Reading Between The Lines: Winning friends and influencing people: Easy as 1936?

There's no shame in admitting that the only way you know of How to Win Friends and Influence People is from the various times the title has been parodied. With the ever-constant glut of self-help books promising all sorts of cheap tricks to supposedly boost yourself for whatever purpose, the more time proven methods tend to get lost in the mix. How to Win Friends and Influence People is a book whose basic body of text is nearly 80 years old, and despite all the testimony it has received over time, from big American industrialists to Charles Manson, you can't help but stop and wonder if the advice within has aged poorly, consequence of being written for a world long since gone.

The inception of How to Win Friends was a recording of Dale Carnegie's self-help seminars into a book format. Self-help events may be dime-a-dozen today, but Carnegie pioneered in setting up and popularizing some of the very first that got the attention of even the wealthy and powerful. Carnegie's approach was rather unique; rather than setting himself up on a pedestal as the know-all teacher, he took a leaf of advice out of his own writings by empathizing with his audience and allowing them to share their problems for examination.

The results were interesting; people from various walks of life, from salesmen trying to pitch their products, to housewives fed up with their home life, all applied the Carnegie method to their lives and described the change that came through.
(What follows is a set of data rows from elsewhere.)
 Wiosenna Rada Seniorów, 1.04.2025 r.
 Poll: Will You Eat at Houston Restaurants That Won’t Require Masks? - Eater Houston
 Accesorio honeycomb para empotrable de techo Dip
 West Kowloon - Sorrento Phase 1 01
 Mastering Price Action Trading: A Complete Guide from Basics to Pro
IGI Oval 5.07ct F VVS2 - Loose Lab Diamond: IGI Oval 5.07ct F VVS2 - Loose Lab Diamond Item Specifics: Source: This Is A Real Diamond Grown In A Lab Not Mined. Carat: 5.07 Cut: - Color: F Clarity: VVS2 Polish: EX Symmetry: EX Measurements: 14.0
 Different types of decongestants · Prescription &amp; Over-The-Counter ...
All the way up until his death, Carnegie's seminars, and How to Win Friends were a runaway success acclaimed by bigname money handlers.
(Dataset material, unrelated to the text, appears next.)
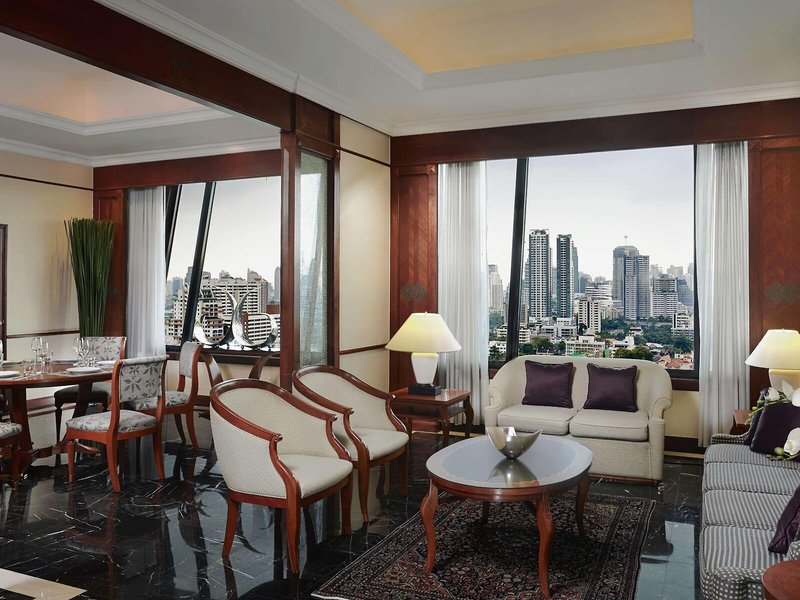 AVANI Atrium Bangkok 22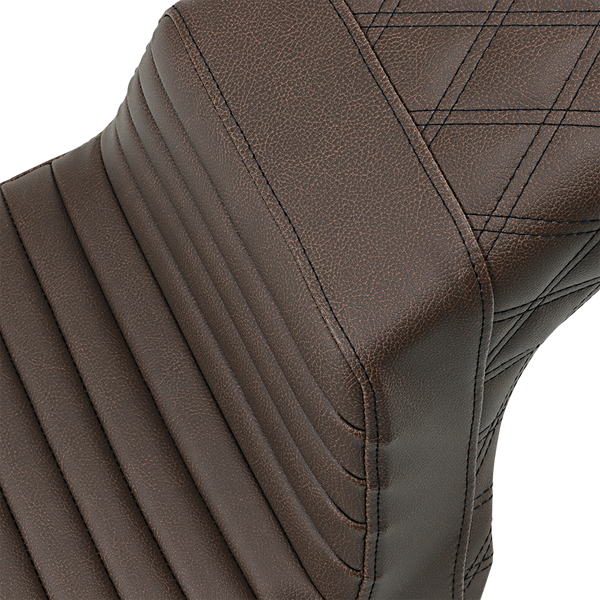 Step-up Seat Brown, 3, nordicamoto.ro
Now for the book: the copy you'll pick up has probably been touched and prodded by the hands of many prying editors since the book's publication, but besides some updated anecdotes, and removing somewhat outdated advice on business letters and marriage, the book that Dale Carnegie published in 1936 is quite there. Subdivided in four sections (or six with the aforementioned eliminated chapters if you've snagged a pre-1981 version that hasn't fallen apart), the book dispels advice on:

- Techniques in handling people

- Making people like you

- Winning people to your point of thinking

- Changing people without causing resentment

While the above seems to suggest some sort of malicious manipulation, Carnegie's advice is anything but. Rather, it suggests something that even decent people forget; getting ahead in life and with people requires a degree of genuine empathy. Besides rather charming 1930's vocabulary and images of railroad tycoons and top-hat-wearing industrialists the book evokes, How to Win Friends has advice centred around the most base of human psychology, that we are creatures of emotion rather than logic, as much as some of us wish we weren't.

Having read this book myself, I can safely say that while it won't immediately fix all your problems, How to Win Friends is highly encouraging of introspection and gradual self-change. The genial warmth of Carnegie's writing style makes the book quite approachable to those wary of self-help books, and the timelessness of the advice and backing scenarios make for easy understanding.

How to Win Friends and Influence People isn't a book about resorting to tricks that will get people doing things your way for the short term. Rather, it's about attaining self-improvement first, so you may approach people while carrying higher sense of emotional intelligence.